So much more than just a tree, the river red gum has been central to the tensions between economic, social and environmental values of rivers and floodplain landscapes in Australia – perhaps more so than any other Australian plant or animal.
Flooded Forest and Desert Creek: Ecology and History of the River Red Gum, a new CSIRO book, examines not only the ecology of one of the most iconic Australian trees, but how changes in attitudes towards it have reflected broader shifts in values of Australian society.
Author, CSIRO’s Dr Matthew Colloff, said that given the prominence of the river red gum in Australian culture, we know surprisingly little about the ecology and life history of it.
“The river red gum has been the subject of repeated government inquiries over its conservation, use and management. Despite this we know remarkably little about the basics of this species: its longevity; how deep its roots go; what proportion of its seedlings survive to adulthood; the diversity of organisms associated with it, and the nature of those associations,” Dr Colloff said.
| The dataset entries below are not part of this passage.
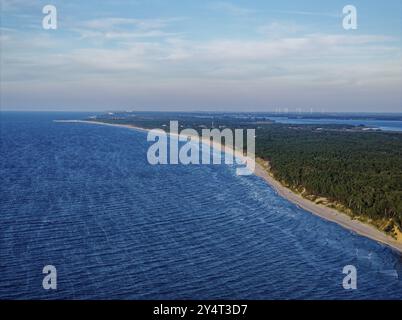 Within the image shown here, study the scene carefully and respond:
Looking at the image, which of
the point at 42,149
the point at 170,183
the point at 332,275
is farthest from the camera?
the point at 42,149

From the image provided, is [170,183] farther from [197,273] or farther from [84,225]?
[197,273]

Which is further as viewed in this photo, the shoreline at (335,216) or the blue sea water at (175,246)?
the shoreline at (335,216)

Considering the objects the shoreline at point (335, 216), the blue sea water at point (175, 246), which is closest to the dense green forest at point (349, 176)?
the shoreline at point (335, 216)

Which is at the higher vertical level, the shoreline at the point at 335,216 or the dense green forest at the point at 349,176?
the dense green forest at the point at 349,176

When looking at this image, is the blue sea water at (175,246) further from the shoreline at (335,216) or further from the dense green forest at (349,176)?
the dense green forest at (349,176)

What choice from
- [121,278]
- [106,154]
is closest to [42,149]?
[106,154]

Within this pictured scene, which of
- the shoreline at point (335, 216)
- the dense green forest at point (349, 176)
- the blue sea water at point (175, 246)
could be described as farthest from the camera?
the dense green forest at point (349, 176)

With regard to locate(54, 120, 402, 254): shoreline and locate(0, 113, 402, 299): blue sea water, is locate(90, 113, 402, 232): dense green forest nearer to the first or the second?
locate(54, 120, 402, 254): shoreline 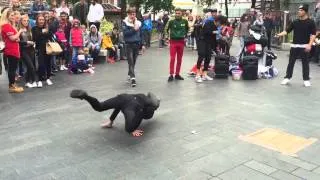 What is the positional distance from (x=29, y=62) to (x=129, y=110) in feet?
14.3

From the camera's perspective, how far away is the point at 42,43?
9.75 m

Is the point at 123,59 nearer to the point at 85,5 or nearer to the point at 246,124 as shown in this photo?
the point at 85,5

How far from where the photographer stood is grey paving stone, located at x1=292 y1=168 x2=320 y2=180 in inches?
178

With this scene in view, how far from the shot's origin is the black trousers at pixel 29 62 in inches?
364

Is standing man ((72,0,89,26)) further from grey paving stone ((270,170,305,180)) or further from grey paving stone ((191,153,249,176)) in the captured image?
grey paving stone ((270,170,305,180))

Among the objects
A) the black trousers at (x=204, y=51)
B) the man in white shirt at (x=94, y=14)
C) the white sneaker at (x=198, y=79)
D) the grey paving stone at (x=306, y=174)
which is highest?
the man in white shirt at (x=94, y=14)

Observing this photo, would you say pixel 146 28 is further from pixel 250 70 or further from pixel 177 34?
pixel 250 70

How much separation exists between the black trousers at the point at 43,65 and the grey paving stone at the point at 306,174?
21.9ft

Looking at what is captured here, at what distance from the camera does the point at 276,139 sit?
5750 millimetres

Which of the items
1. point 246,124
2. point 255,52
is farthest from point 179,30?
point 246,124

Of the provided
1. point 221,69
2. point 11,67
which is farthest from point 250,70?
point 11,67

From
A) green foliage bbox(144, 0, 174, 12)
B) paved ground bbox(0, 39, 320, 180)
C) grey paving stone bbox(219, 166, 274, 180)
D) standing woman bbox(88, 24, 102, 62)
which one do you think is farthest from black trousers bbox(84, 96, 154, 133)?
green foliage bbox(144, 0, 174, 12)

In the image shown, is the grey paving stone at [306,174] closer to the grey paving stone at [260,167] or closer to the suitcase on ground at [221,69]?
the grey paving stone at [260,167]

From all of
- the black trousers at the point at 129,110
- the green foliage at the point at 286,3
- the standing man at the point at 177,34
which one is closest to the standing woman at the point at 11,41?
the standing man at the point at 177,34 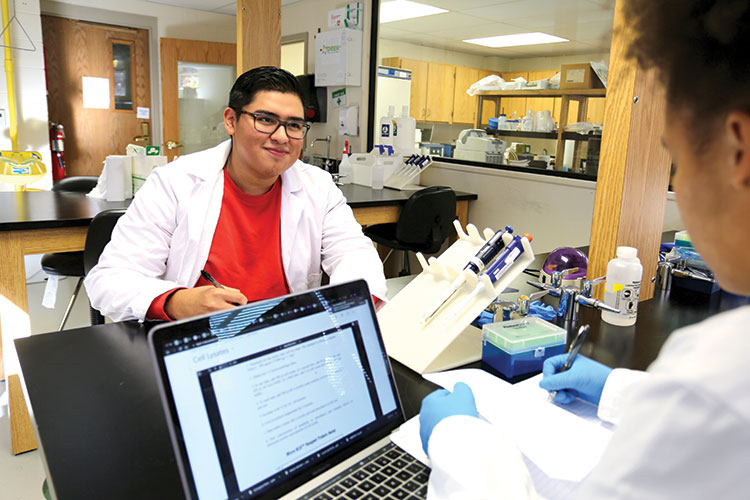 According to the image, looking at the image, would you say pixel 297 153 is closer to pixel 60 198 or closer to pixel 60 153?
pixel 60 198

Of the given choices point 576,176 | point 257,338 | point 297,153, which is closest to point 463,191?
point 576,176

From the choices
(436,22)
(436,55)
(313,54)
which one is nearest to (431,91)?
(436,55)

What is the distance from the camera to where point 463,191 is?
3596 mm

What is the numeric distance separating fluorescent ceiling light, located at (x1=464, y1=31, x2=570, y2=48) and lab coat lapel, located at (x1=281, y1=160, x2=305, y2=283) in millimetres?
2530

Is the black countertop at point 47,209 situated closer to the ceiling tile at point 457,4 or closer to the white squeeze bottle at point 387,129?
the white squeeze bottle at point 387,129

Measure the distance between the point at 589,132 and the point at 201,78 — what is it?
3921mm

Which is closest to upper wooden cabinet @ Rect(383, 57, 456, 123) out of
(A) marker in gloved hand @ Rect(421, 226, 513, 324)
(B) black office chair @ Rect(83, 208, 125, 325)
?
(B) black office chair @ Rect(83, 208, 125, 325)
Flooded Forest and Desert Creek describes what we do know about the biology and ecology of the river red gum, the changing landscape in which the tree lives and the shifting cultural context that has been shaped by our unfolding interactions with it. The author describes the factors that have driven change in river red gum forests – fire, grazing, timber harvesting, river regulation and diversions of water for irrigation – and examines how we have begun to move from a culture of exploitation to one of conservation, sustainable use and multiple values.
This shift in consciousness has been articulated in part through the depiction of river red gums and inland floodplains in art, literature and the media. Images of the tree by Hans Heysen, Henry Johnstone, Harold Cazneaux and Lin Onus are amongst the best-known and most-loved works of art in our public galleries.
The river red gum has the most widespread natural distribution of any eucalypt species in Australia, forming extensive forests and woodlands in the south-east and providing the structural and functional elements of important floodplain and wetland ecosystems. Along ephemeral creeks in arid central Australia it forms narrow corridors, providing vital refugia in the form of habitat and food resources for a whole host of animals in an otherwise hostile, arid environment.
Flooded Forest and Desert Creek also contrasts the interactions between people and the trees in arid central Australia, where the tree is sacred – standing for water, life and hope – with those further east in the Murray-Darling Basin, where conflicts between the allocation of water for irrigated agricultural production and for the environment are still being played out.
“This may give us a glimpse into how we can understand the value of this tree as part of our common heritage and how we can manage river red gum forests under a drier future climate with reduced water availability,” Dr Colloff said.